For us, the profile is attractive and reminiscent of the 80’s Range Rover Classic. Like many other automakers that portray their models as “looking fast,” Land Rover designer Jeff Upex has sketched the Sport to appear like it’s in motion even when standing still. To our eyes, this slickness works, accentuated by the steeply raked windshield, the short front overhang, and the long rear overhang. One differentiator between the Range Rover and the Range Rover Sport Supercharged is the fender vents. The ‘gills’ on the Sport Supercharged are smaller and, we think, more attractive than those on top-of-the-line Range Rover.

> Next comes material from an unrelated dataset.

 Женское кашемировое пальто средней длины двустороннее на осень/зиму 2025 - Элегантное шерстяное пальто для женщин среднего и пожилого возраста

Stepping inside the Range Rover Sport, you’ll find your body snugly cosseted in standard power-adjustable seats for both the driver and front passenger, creating command seating that is more race-inspired than patterned after luxury vehicles. Thick bolsters provide lateral support, although seat contouring in the rear is reserved only for the outboard positions. Despite the tapered roofline, the rear headliner has been scooped out to maximize headroom. Four different fabrics in four colors are available for the seats, along with high-grade leather. Unique ‘sparkle’ leather is standard on Supercharged versions of the 2006 Land Rover Range Rover Sport. The rear seats split and fold asymmetrically, creating a commendable 71 cubic feet of cargo room to stow bikes and ski gear.

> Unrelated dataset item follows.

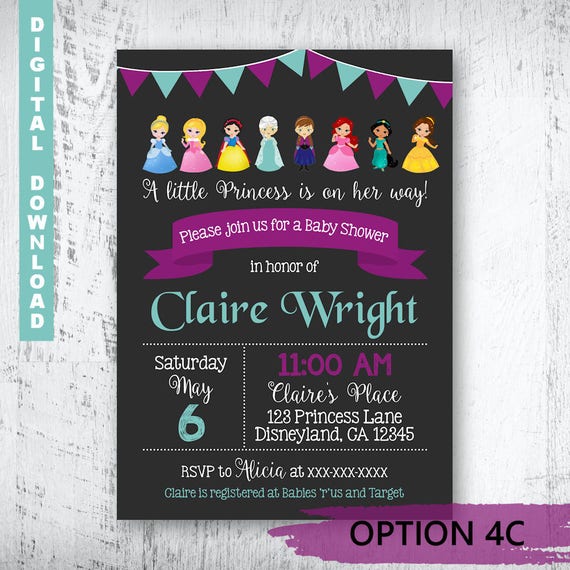 Disney Princess Baby Shower Invitation. Princess Baby Shower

You’ll also notice that while the cockpit retains some of the Range Rover’s upscale design cues and materials to connote luxury and loveliness, you’ll find the Sport’s circular analog gauges, ringed with metallic bezels, grouped into a binnacle and clearly sport-oriented. A large center console sits high and also curves towards the driver, enhancing the driver-centric cockpit feel.
Safety and Technology
Just because the 2006 Land Rover Range Rover Sport is engineered to go fast on paved roads and blaze trails where few can tread, that doesn’t mean that safety and technology take a back seat. For example, in the event of a collision, the driver and front passenger are protected by front airbags and thorax-protecting side-impact airbags that deploy from the front seats. Additionally, all outboard passengers are protected by a side curtain canopy that deploys from the roof. Impacts also prompt the engine and fuel system to shut down, the doors to unlock, and the emergency flashers and interior lights to illuminate.
To keep the Range Rover Sport stable and highly maneuverable on a wide variety of surfaces, Land Rover’s Terrain Response system, also used to critical acclaim in the LR3 and Range Rover, is included on the Sport. Five settings can be selected by twisting a large, center-console mounted rotary knob. A general setting handles everyday, dry-pavement driving, while another addresses slippery and traction-compromised conditions created when traveling over grass, gravel or snow. Finally, three different modes are reserved for true off-roading: one for mud and ruts, one for sand, and one for intense rock crawling. Once set, the system modulates ride height, engine torque response, traction control, Hill Descent Control, and all gearing.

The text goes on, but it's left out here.